You will need to use the master branch of the special repository directly and not the gh-pages branch which is available to each repository.


CircleCI is a very flexible and powerful continuous integration tool, which is also free for open source projects. As long as your static website is located on a public repository on Github, you won't have to pay anything to use it. In my case, the surce code of this website is available at


You can find the complete configuration at this address. The only value you won't find is GH_TOKEN. You need to generate this token on Github, at this address: Give it a nice description like "CircleCI deployment token", select repo scope and finally click Generate token button. This token will be used to git push... your pages once they are built. Please remember to keep this token secret and not to publish it anywhere.

In my configuration you may notice that I'm using Pelican static websites generator, but apart from a few changes, the structure of the configuration should be very similar even if you use Jekill, Hugo etc... it doesn't really matter how you generate the pages, the deployment phase will be the same.

Deployment script

You will notice that there is a complete bash script embedded in the CircleCI configuration. This script configures git, fetches the existing repository, and sync the built pages with the existing ones (this avoid creating a commit which contains all the pages so it will contain just the added content). Once the commit is made, the script will finally push the changes to the repository.
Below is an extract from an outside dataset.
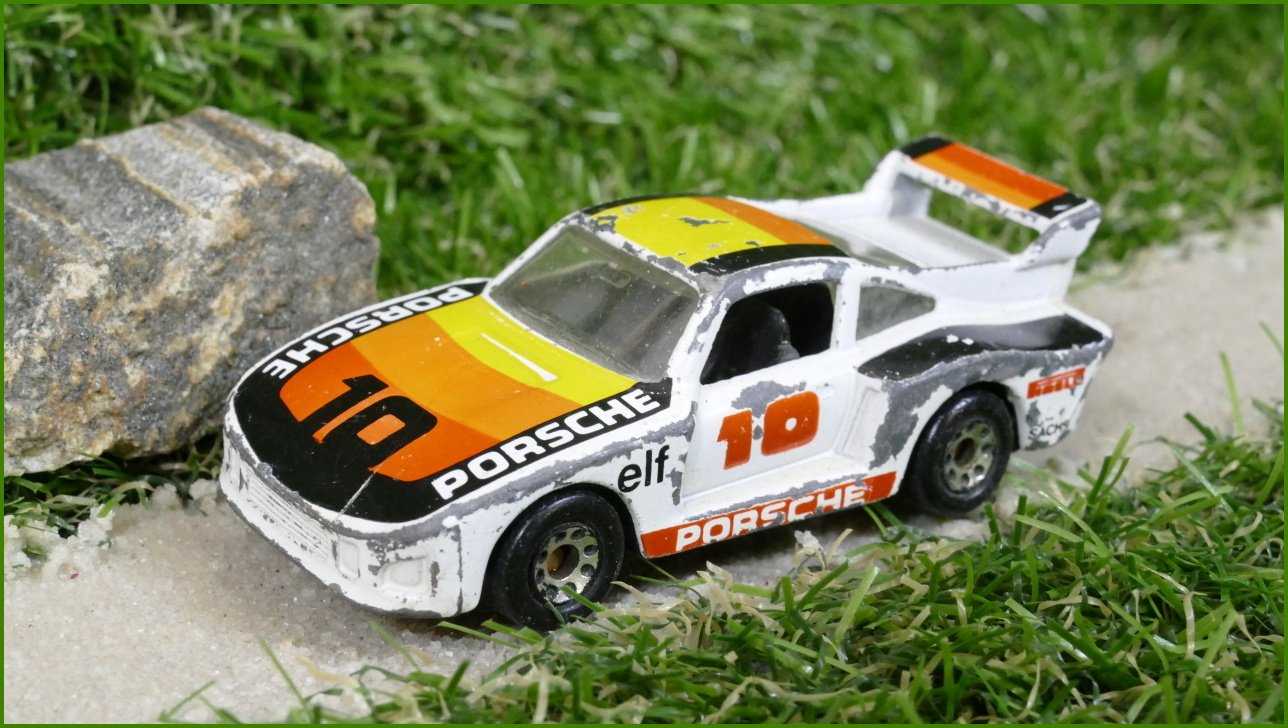 Matchbox Autíčko Angličák (Macau) Racing Porsche 935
Please note: regardless of CircleCI settings, the deployment will only happens if we are pushing (or merging a pull request) to master (if [ "${CIRCLE_BRANCH}" = "master" ]; then) and it will actually commit and push pages only if there is something new to commit (if git commit -m "CircleCI build $CIRCLE_BUILD_NUM pushed to Github Pages" ; then). For example if I'm just updating something in the CircleCI configuration, which doesn't change anything in the content, the pages won't be deployed again.


My first impression of CircleCI is that is faster than TravisCI and this means that I can publish my content more quickly. The possibility of using Docker containers as base image is really powerful and in more complex scenarios we can reproduce the building environment locally on our machine. If you have any advices about how to improve my build script, feel free to leave a comment here.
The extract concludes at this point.